The data interface 4 of the field device 1 provides the electronic control device 6 with the opportunity to access the external data storage module 5. The external data storage module 5 has a memory device 9 to which data can be written and from which data can be read. An area 9 a (shown shaded in FIG. 2) of the memory device 9 contains personal data which are associated with the user (that is to say normally the operator) of the data storage module 5.
By way of example, the personal data which the memory area 9 a contains may be configuration data which the control device 6 in the field device 1 uses to adjust settings for at least one control menu of the electrical field device 1.
By way of example, the configuration data may be what are known as personal favorites. The personal favorites are function calls on the field device 1 which the operator considers important to his work on the field device 1 and therefore selects and has stored in the memory area 9 a. When the electronic control device reads these personal favorites from the external data storage module, this allows, by way of example, a favorites control menu of the field device 1 to be adjusted such that it displays these selected function calls. The favorites control menu will then usually be displayed on a directly available menu level, e.g. in what is known as a main menu, by means of the display device 2, so that the operator can select this favorites control menu without further navigation complexity. From the favorites control menu produced in this manner, the operator can then directly select the function calls corresponding to his personal favorites. It is thus not necessary to call the relevant function by navigating through all the necessary sub-menus. This significantly simplifies and speeds up work with the electrical field device.
Another option for personal data stored in the external data storage module 5 is provided by frequently used function calls, for example. Such data are automatically captured by the electrical field device's control device 6, while the operator performs control actions on the field device 1. To this end, the electronic control device 6 keeps statistics, so to speak, regarding what function calls have been called with what frequency. Those function calls which have been called most frequently on the basis of these statistics are stored as personal data on the external data storage module 5. In contrast to the personal favorites, this thus involves automatic selection of the relevant function calls and not manual selection. However, as in the case of the personal favorites, the operator is able to use an appropriate control menu to view and select the most frequently used function calls.

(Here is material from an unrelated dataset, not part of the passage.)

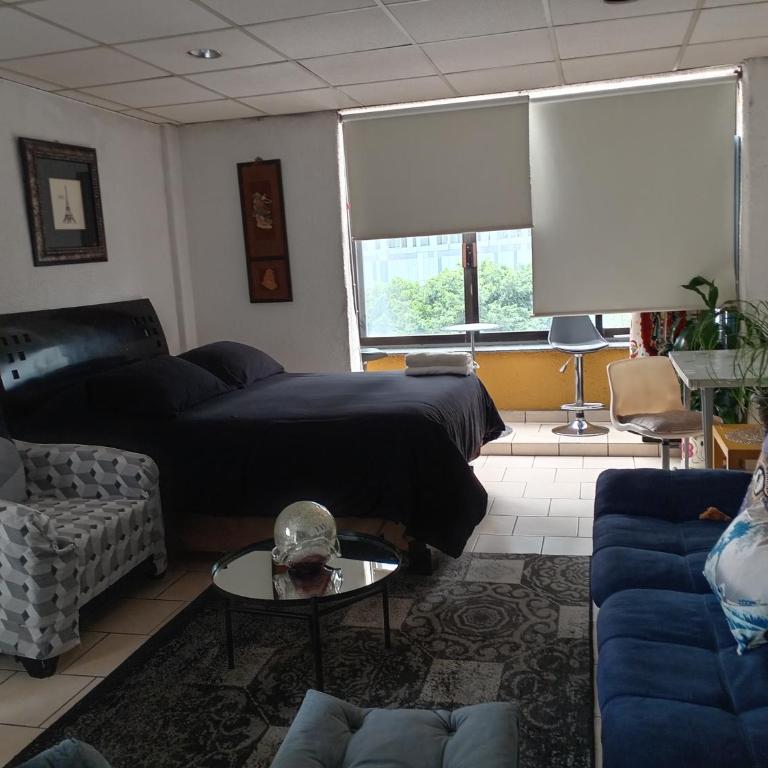 Suite Vista Reforma - Suite Executive - 33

A third option for the personal data is provided by an individual key assignment for specific function keys of the field device 1. This is because if the field device 1 has an input apparatus 3 with specific function keys with which arbitrary function calls can be associated then such association can be made by the personal data stored in the external data storage module 5. By way of example, this allows a function key of the electrical field device 1 to be assigned a function call which prompts transmission of measured values stored in a measured data memory area of the field device 1 (not shown in FIG. 2) to the external data storage module 5.
A common feature of all these personal data is the opportunity for simple setting of the control menus of the electronic field device 1 for the purpose of adjustment to suit the requirements of the respective operator. This is because this allows different operators with respective separate external data storage modules 5, which may respectively store different personal data, to set the control menus such that their ideas are respectively accommodated, since the relevant control menus are respectively set using the personal data which are available on the relevant external data storage module. In this way, different operators of the electrical field device can have different control menus for personal favorites and frequently used function calls and also different assignments for the specific function keys, for example.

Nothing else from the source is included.